The county's concerns stem from the possibility of having to buy vacant lots from owners who had hoped to one day develop their land but may never be able to because of a lack of state-issued building permits.
The fear is that if the county does not purchase the land, the owners could sue the government agency in what is known as a takings lawsuit.
Last year, the state Department of Economic Opportunity, which oversees development in the Keys, agreed to a plan that allocated 10 years worth of development rights to the Keys.
But once those 3,550 allocations -- called Rate of Growth Ordinance or ROGO units -- are used, the Keys will have essentially reached build out, according to county Growth Management Division estimates.
State law dictates that the Keys can only build to a level in which the chain of islands can be evacuated 24 hours prior to a hurricane making landfall.
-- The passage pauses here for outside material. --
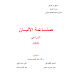 كتاب صناعة الألبان الثالث مهني - القسم الزراعي الثالث / للعام الدراسي 2024-2025 كتاب صناعة الألبان الثالث مهني - القسم الزراعي الثالث / للعام الدراسي 2024-2025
When the Keys uses the 3,550 units, it will have reached the 24-hour mark, according to Christine Hurley, Growth Management Division director.
There are 11,364 vacant private parcels in the entire county, including the cities. After the 3,550 permit allocations, there would still be a projected 7,814 vacant private parcels remaining, whose value in 2013 was $317 million, Hurley said.
On Wednesday, commissioners will discuss various funding options for the purchase of the vacant properties and vote on a $50,000 contract with Trust for Public Lands.
Under the contract, the trust would hold public meetings throughout the Keys and conduct opinion polls to find out how people feel about using public money to buy private land. Its research would gauge community support on using sales tax revenue, county Tourist Development Council funds and/or property tax funds to purchase conservation land. The trust would then issue recommendations on finance strategies, county biologist Mike Roberts said.
The Trust for Public Lands has worked with 450 state and local governments to acquire $34 billion worth of conservation land since 1996, according to the group.
Also on Wednesday, the commission will discuss going after state Florida Forever funding for the purchase of the vacant properties, as 7,193 of the properties contain federally listed endangered species or their habitat, and 3,100 of the properties are highly ranked for Florida Forever funds by the state Department of Environmental Protection.
Florida Forever requires a 50 percent match from local governments, so the county could spend as much $8.1 million under one possible financing scenario. However, the $8.1 million expenditure could be spread over several years.
The commission has been discussing the build out issue since July. County officials admitted that not all the owners of vacant property would sue the county if they weren't allowed to develop their land, but they wanted to be prepared.
"Some future commission will have to deal with this, but we need to start looking at this now," Commissioner Danny Kolhage said.
The commission meeting begins at 9:45 a.m. Wednesday at the Murray Nelson Government Center in Key Largo.